If there is more than one child, it is common for one of the children to be assigned to the grandmother and one to the mother. While the process of assignment is not necessarily conscious, the fact of the assignment is recognized by everyone. If there are three children and a grandfather also lives with the family, one of the children may be assigned to him. A child assigned to his grandmother is actually called and referred to as
Baasan ko
(grandmother's child). He (or she) sleeps and bathes with the grandmother and perhaps massages the grandmother's back and runs errands for her. If the grandmother is sick or bed-ridden, the child will look after her, tend to her needs. In any kind of family dispute, the grandmother can be counted on to look after the interests of "her" child.
The common method of dividing up children is for the oldest to be the grandmother's and the younger to be the mother's child. This assignment does not resolve the battle over the children's loyalty
completely, because sometimes the grandmother will be away from home visiting or shopping and both children will be cared for by the mother.
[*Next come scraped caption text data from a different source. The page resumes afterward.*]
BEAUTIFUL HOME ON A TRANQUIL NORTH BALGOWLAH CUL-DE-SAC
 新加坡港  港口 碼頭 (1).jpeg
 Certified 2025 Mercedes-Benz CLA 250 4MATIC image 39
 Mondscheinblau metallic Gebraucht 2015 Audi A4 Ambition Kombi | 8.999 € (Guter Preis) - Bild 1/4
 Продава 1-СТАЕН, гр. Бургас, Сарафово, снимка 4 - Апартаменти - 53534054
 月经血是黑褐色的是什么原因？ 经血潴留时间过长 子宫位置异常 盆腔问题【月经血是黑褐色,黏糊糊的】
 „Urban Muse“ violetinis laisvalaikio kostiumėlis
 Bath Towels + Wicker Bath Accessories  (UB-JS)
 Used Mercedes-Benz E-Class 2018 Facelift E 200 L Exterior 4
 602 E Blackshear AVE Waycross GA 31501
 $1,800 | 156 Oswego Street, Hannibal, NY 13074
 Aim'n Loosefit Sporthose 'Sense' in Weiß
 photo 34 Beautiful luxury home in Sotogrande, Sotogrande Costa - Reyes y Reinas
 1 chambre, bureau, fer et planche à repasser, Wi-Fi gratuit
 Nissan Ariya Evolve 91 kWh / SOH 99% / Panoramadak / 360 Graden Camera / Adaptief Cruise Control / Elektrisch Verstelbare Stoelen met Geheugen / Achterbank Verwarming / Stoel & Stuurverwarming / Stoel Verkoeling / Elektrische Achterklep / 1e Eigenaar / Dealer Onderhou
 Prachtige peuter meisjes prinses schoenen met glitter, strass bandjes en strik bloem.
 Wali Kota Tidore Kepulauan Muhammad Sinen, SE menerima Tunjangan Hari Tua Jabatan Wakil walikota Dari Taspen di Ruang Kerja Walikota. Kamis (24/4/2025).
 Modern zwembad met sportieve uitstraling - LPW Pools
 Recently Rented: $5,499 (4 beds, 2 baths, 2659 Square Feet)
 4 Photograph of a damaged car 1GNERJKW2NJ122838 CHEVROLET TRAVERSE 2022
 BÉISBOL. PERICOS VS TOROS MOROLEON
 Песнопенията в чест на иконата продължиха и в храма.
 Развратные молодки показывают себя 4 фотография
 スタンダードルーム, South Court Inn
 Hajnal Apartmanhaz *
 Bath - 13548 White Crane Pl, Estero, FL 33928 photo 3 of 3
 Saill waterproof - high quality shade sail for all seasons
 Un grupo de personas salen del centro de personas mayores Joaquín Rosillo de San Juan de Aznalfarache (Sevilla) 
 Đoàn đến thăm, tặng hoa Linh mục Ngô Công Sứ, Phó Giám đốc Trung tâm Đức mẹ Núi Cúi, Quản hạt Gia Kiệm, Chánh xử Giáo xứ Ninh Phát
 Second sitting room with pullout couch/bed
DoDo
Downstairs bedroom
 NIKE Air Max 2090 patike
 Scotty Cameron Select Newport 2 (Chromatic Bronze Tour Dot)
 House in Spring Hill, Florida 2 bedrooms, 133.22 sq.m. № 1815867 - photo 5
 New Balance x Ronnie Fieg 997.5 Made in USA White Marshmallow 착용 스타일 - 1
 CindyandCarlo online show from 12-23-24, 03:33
At other times if the mother is busy working, both children may be cared for by the grandmother. Furthermore, since the mother had an extremely close attachment to the older child during the period of nursing, she often finds it hard to give up the eldest child to the grandmother even after a younger child is born. Even when the coalition of mother and youngest child and of grandmother and eldest child is clear, there are often disputes between the children which inevitably affect the mother and grandmother on their respective sides, and disputes between mother and grandmother may later affect the children.
Another problem with this coalition pattern is the probability that the grandparent will die before the child is fully grown. A child who has been assigned to a grandparent often feels lonely after the grandparent's death, because he misses him and also because he then lacks a protector in family discussions; it is hard for him to break back into the close relationships from which he had been excluded. We knew of several cases where a child was especially sad and withdrawn for several years after the grandparent's death. Many children who were assigned the role of grandmother's (or grandfather's) child have difficulty finding any relationship that will ever replace the intimate devotion which they received before their grandparent died.